Well let’s make a version in R. (Sort of)data & cleaning
We need a couple datasets, and more than a few packages in R. The data is listed below
- Trend Data via Google Trends
- U.S. cities via SimpleMaps
- Path of the eclipse via NASA’s Scientific Visualization Studio
These can also be found here in a special Github repo for this post.
library(tidyverse)
library(fuzzyjoin)
library(hrbrthemes)
library(raster)
#trend data
gtrends<- read_csv("geoMap (3).csv", skip = 2)
#cities
us_cities <- read_csv("uscitiesv1.3.csv")
us_cities$name<-paste(us_cities$city,us_cities$state_id)
#shapefile
path.m<-shapefile("center17.shp")
path.points<-fortify(path.m)
If you start to inspect the trend data you’ll see it is by metro area. Instead of plotting it in that form I decided I wanted to match the cities in the metro area, and plot those by the search value.

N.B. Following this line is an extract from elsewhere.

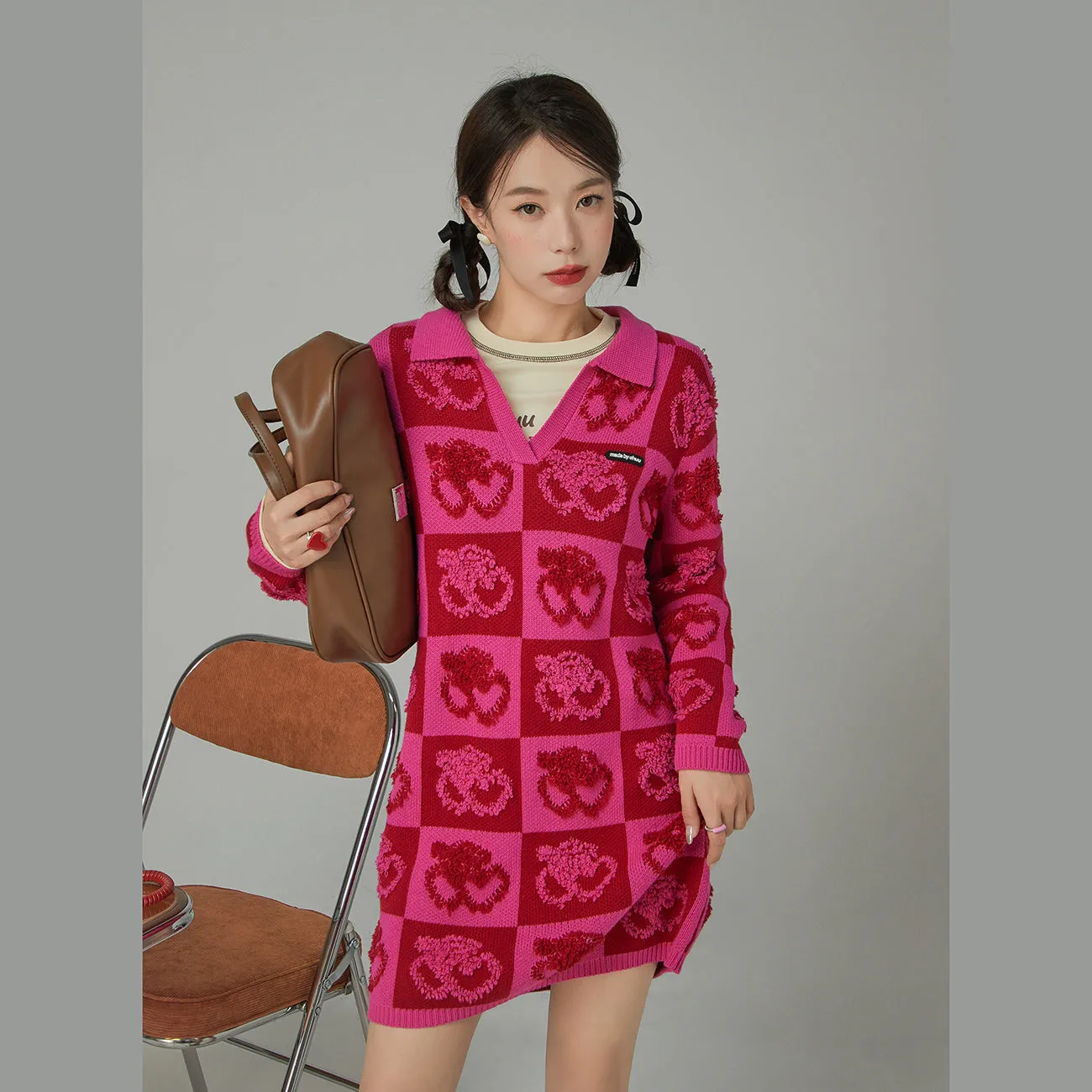 Love In Space Open Collar Knit Dress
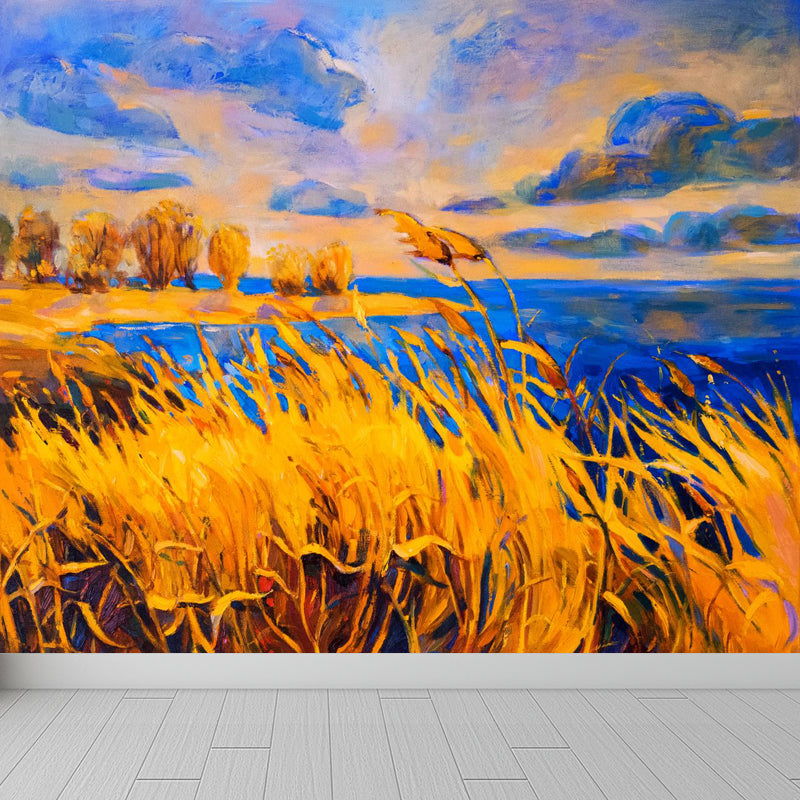 Magical Paint from Life Mural Wallpaper Pastel Color Classic Wall Covering for Bedroom Yellow Clearhalo 'Wall Decor' 'Wall Mural' 1864356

To do this we can use strsplit
, but first we have to do a little arranging with dplyr::row_number
to make sure the data is matched correctly.
#clean
gtrends$state<-substr(gtrends$DMA,nchar(gtrends$DMA)-1,nchar(gtrends$DMA))
gtrends<-gtrends%>%
arrange(-row_number())%>% #so it all works together
mutate(DMA=strsplit(as.character(DMA),'-'))%>%
unnest(DMA)
names(gtrends)[1]<-'count'
Lastly, because some of the metro areas end with the state, we need to add the state abbreviation to the rest of them. Then using the handy fuzzyjoin::stringdist_left_join
to aid us in matching some of those pesky counties that occur in other states and other problems. This is where we take a sharp left off of the paved road onto the beaten path of inaccuracy. There are more than a few errors but at 10:45pm at night I can live with them.
#add state
gtrends$name<-ifelse(substr(gtrends$DMA,nchar(gtrends$DMA)-1,nchar(gtrends$DMA))==gtrends$state,gtrends$DMA,paste(gtrends$DMA,gtrends$state))
#first go
first<-stringdist_left_join(gtrends,us_cities,by=c('name'),distance_col='dist')
trends<-subset(first,dist<=0 & state == state_id)
plot
Now we get to the fun part. I wanted to combine the center path line and color from the FiveThirtyEight article with the minimalist gradient scale of the Google Trends map. I remember using a U.S. county outline for a previous map and thought that offered a nice low-impact background to build on. Then it was just a matter of plotting the data we have matching so far.
labels<-subset(trends,count >=83) #for the labels
#plot
us<-map_data('county')
solar<-ggplot(trends,aes(lng,lat)) +
geom_polygon(data=us,aes(x=long,y=lat,group=group),color='#dedede',fill=NA,alpha=.45,cex=.35,show.legend = F)+
geom_point(aes(color=count,size=count),alpha=.55,show.legend = F) +
geom_line(data=path.points,aes(x=long,y=lat),color='#c52828',size=4,alpha=.25,show.legend = F)+
geom_line(data=path.points,aes(x=long,y=lat),color='#c52828',size=1,alpha=.75,show.legend = F)+
scale_colour_gradient(low = "white", high = "#444444")+
theme_ipsum(grid=F,plot_title_family = 'Slabo 27px',plot_title_face = 'bold',subtitle_size = 10,base_family = 'Roboto Condensed')+
theme(axis.title.x=element_blank(),
axis.text.x=element_blank(),
axis.ticks.x=element_blank(),
axis.title.y=element_blank(),
axis.text.y=element_blank(),
axis.ticks.y=element_blank())+
xlim(-135,-65)+ylim(20,50)
solar+
labs(title='Google Trends for \'Solar Eclipse\'',
subtitle='Data for time period between 7/25/17 & 8/1/2017',
caption='Search data from Google Trends\nSolar Eclipse Path Shapefile from NASA')+
geom_text(data=labels,aes(label=name.x,size=14),family='Roboto Condensed' ,show.legend = F,check_overlap = T)
If you aren’t happy with this, or have other ideas I would love to see other interpretations of this data with R, or even improvements to this if you want.